- **Exercise brief**
When you copy the listing, skip the images and return each line verbatim.

= = = = = = =

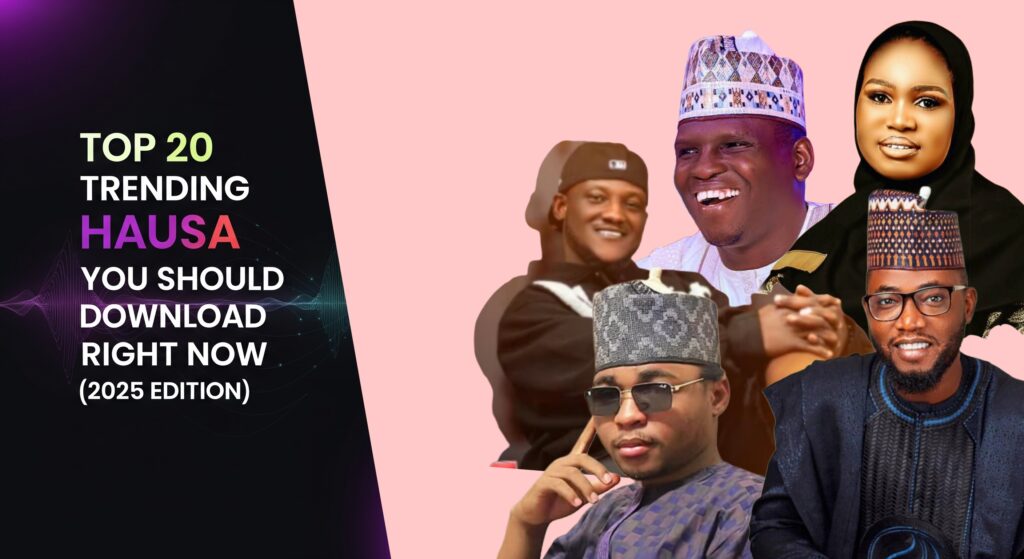 Top 20 Trending Hausa Songs You Should Download Right Now (2025 Edition)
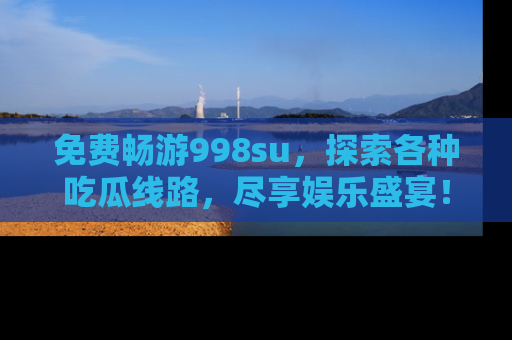 免费畅游998su，探索各种吃瓜线路，尽享娱乐盛宴！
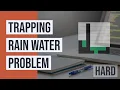 Trapping Rain Water Problem - Leetcode Hard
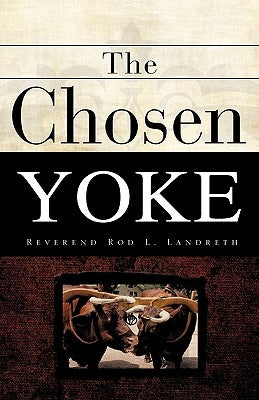 The Chosen Yoke by Landreth, Rod L.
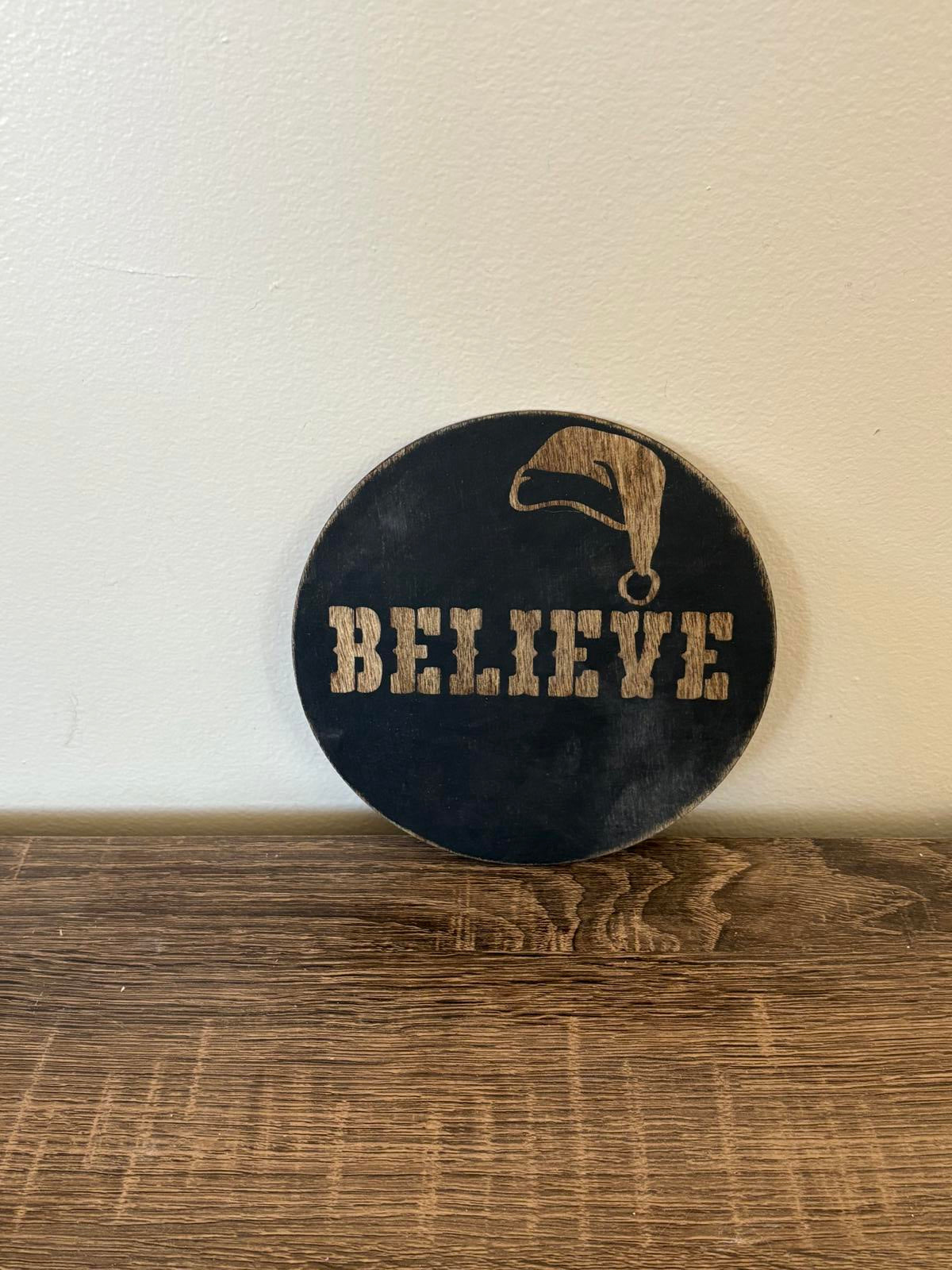 Savvy Creations Believe Christmas Sign Plaque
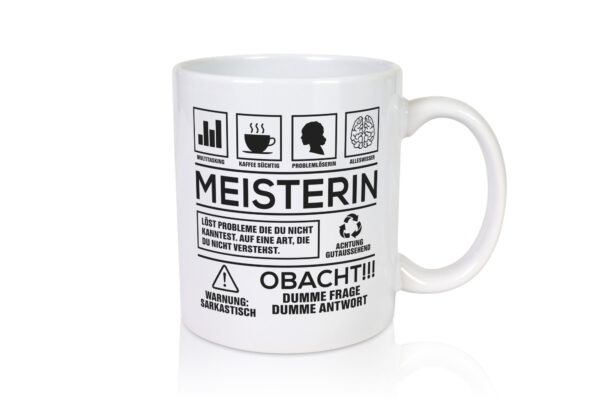 Achtung Probleme Meisterin | Meisterbrief - Tasse Weiss - Kaffeetasse / Geschenk / Familie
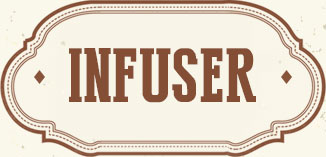 INFUSER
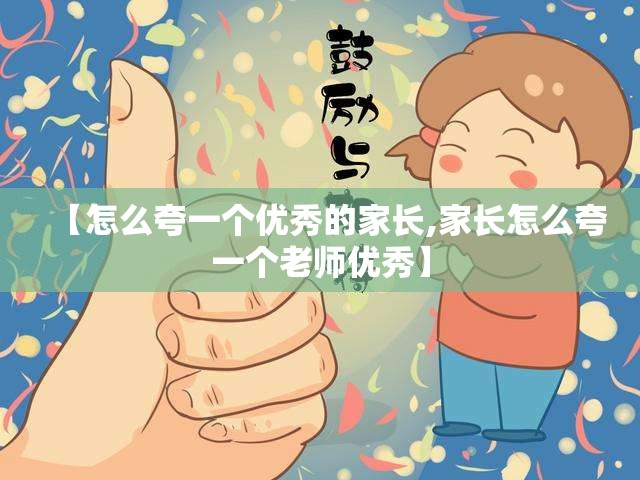 【怎么夸一个优秀的家长,家长怎么夸一个老师优秀】 【怎么夸一个优秀的家长,家长怎么夸一个老师优秀】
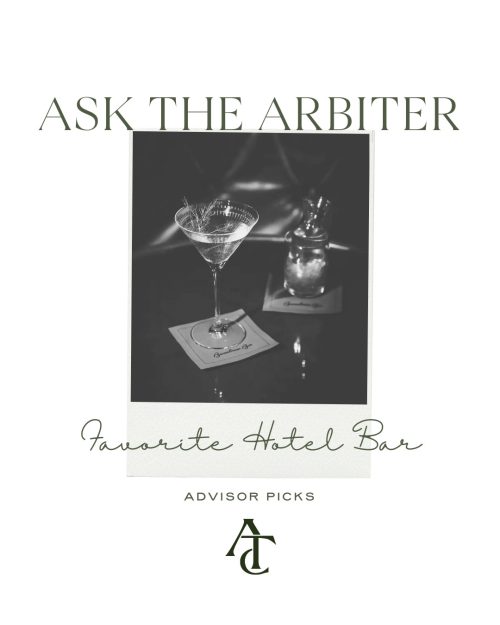 Ask the Arbiter: Favorite Hotel Bar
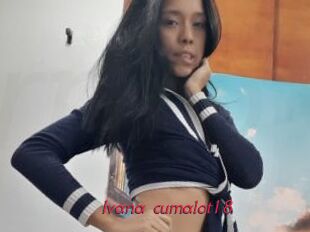 Ivana_cumalot18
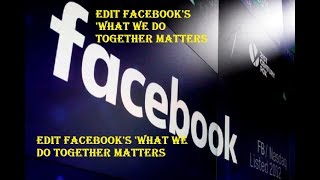 How To Create / Edit Facebook's 'What We Do Together Matters Video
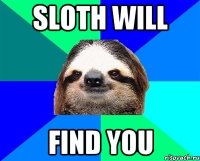 SLOTH WILL FIND YOU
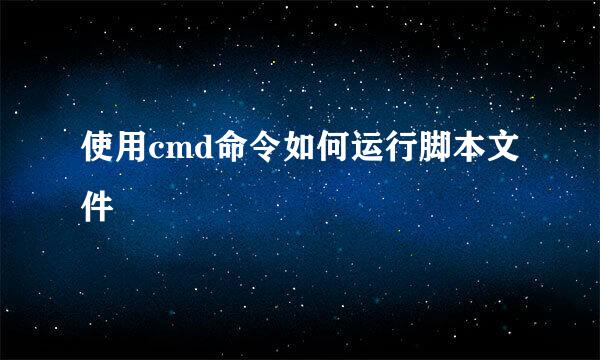 使用cmd命令如何运行脚本文件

= = = = = = =

- **Solution to this task**
 Top 20 Trending Hausa Songs You Should Download Right Now (2025 Edition)
 免费畅游998su，探索各种吃瓜线路，尽享娱乐盛宴！
 Trapping Rain Water Problem - Leetcode Hard
 The Chosen Yoke by Landreth, Rod L.
 Savvy Creations Believe Christmas Sign Plaque
 Achtung Probleme Meisterin | Meisterbrief - Tasse Weiss - Kaffeetasse / Geschenk / Familie
 INFUSER
 【怎么夸一个优秀的家长,家长怎么夸一个老师优秀】 【怎么夸一个优秀的家长,家长怎么夸一个老师优秀】
 Ask the Arbiter: Favorite Hotel Bar
 Ivana_cumalot18
 How To Create / Edit Facebook's 'What We Do Together Matters Video
 SLOTH WILL FIND YOU
 使用cmd命令如何运行脚本文件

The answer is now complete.